BEGIN

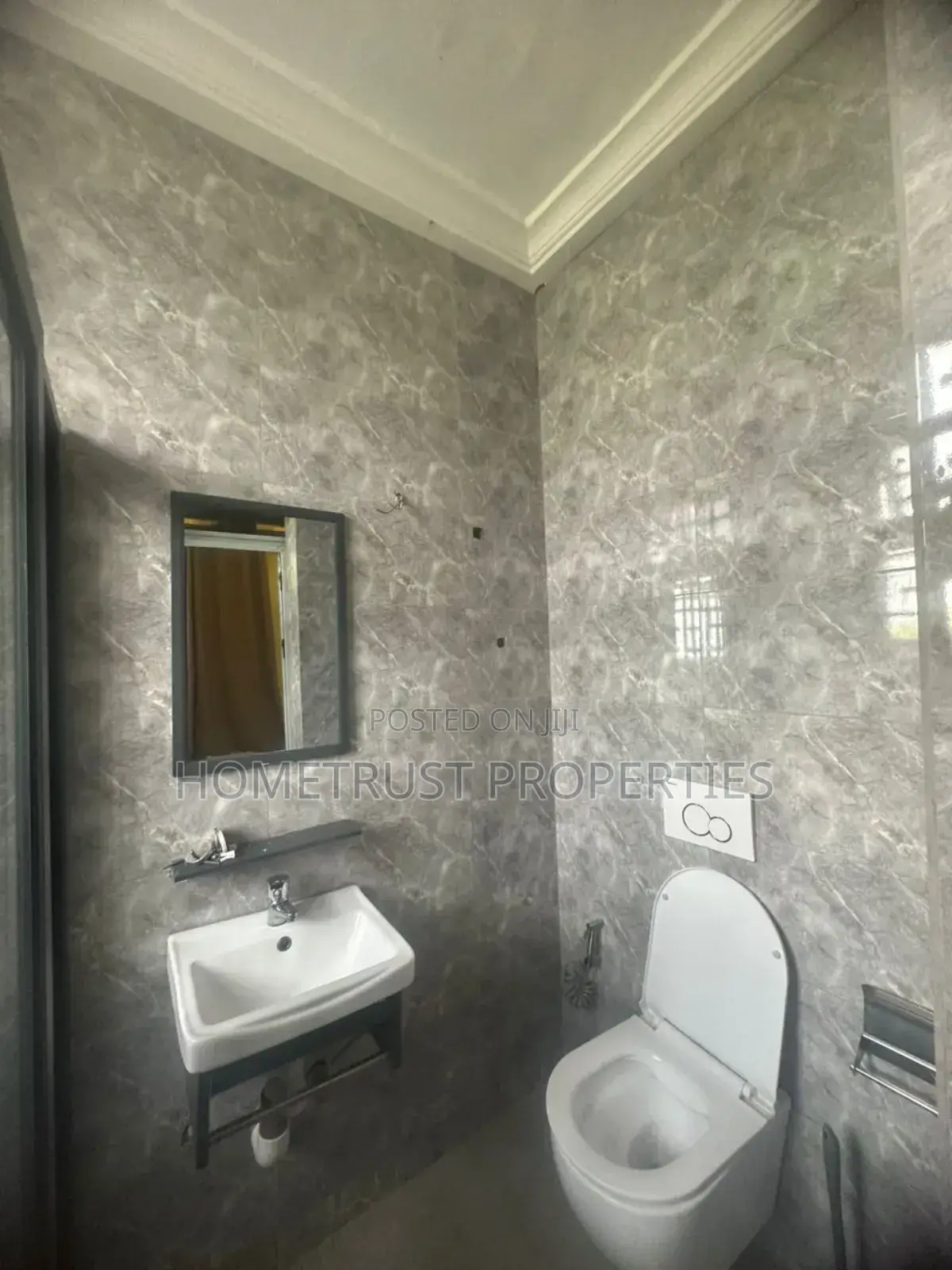 12bdrm Mansion in Hometrust Properties, Cantonments for sale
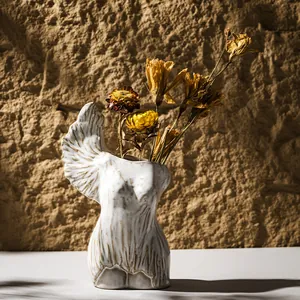 Vaso artistico in ceramica bianca a forma di busto con ala d'angelo e fiori secchi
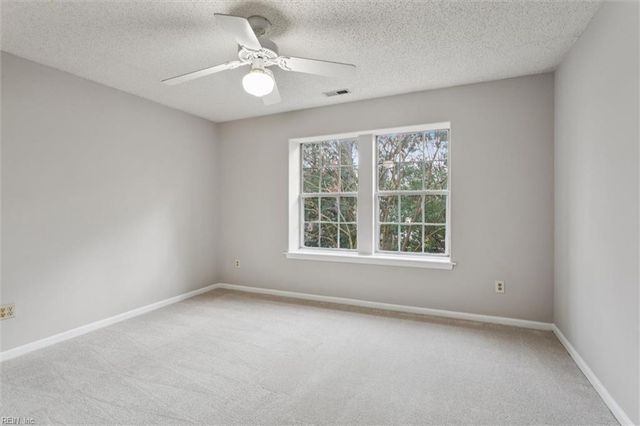 906 Nicklaus DR, Newport News, VA 23602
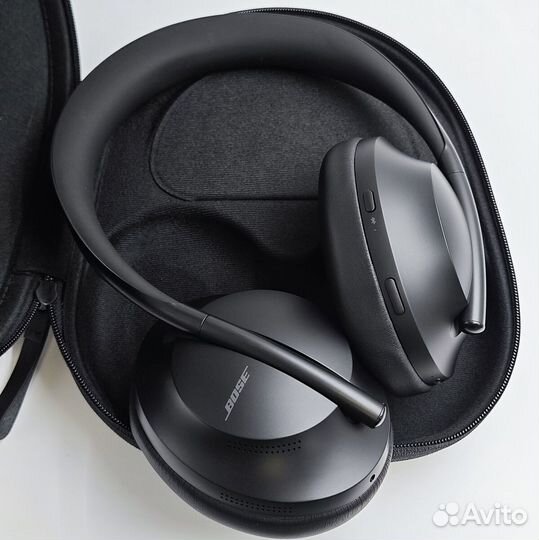 Беспроводные наушники Bose Noise Cancelling 700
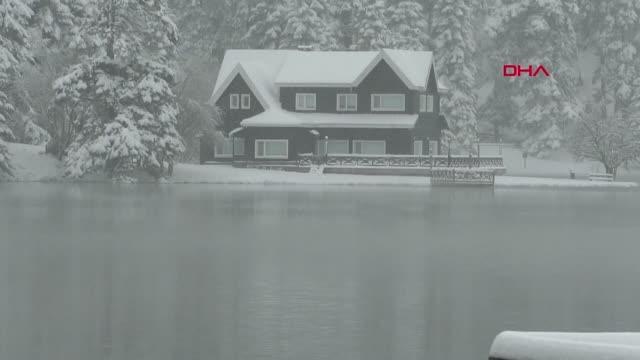 Gölcük Tabiat Parkı'nda kar kalınlığı 20 santimetreye ulaştı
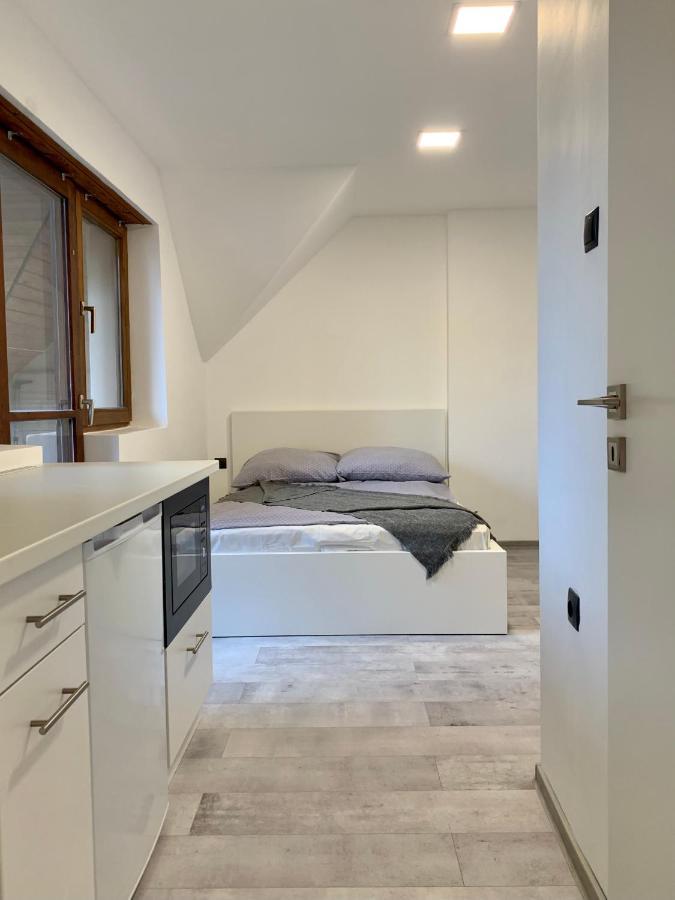 Var-Lak Apartman Eger Zewnętrze zdjęcie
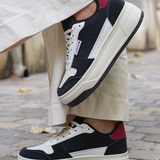 BASKETS NOIRES ET BLANCHES AVEC DÉTAIL ROUGE "J’ADORE"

END

Produce a verbatim transcription of every line in the listing, images omitted.

 12bdrm Mansion in Hometrust Properties, Cantonments for sale
 Vaso artistico in ceramica bianca a forma di busto con ala d'angelo e fiori secchi
 906 Nicklaus DR, Newport News, VA 23602
 Беспроводные наушники Bose Noise Cancelling 700
 Gölcük Tabiat Parkı'nda kar kalınlığı 20 santimetreye ulaştı
 Var-Lak Apartman Eger Zewnętrze zdjęcie
 BASKETS NOIRES ET BLANCHES AVEC DÉTAIL ROUGE "J’ADORE"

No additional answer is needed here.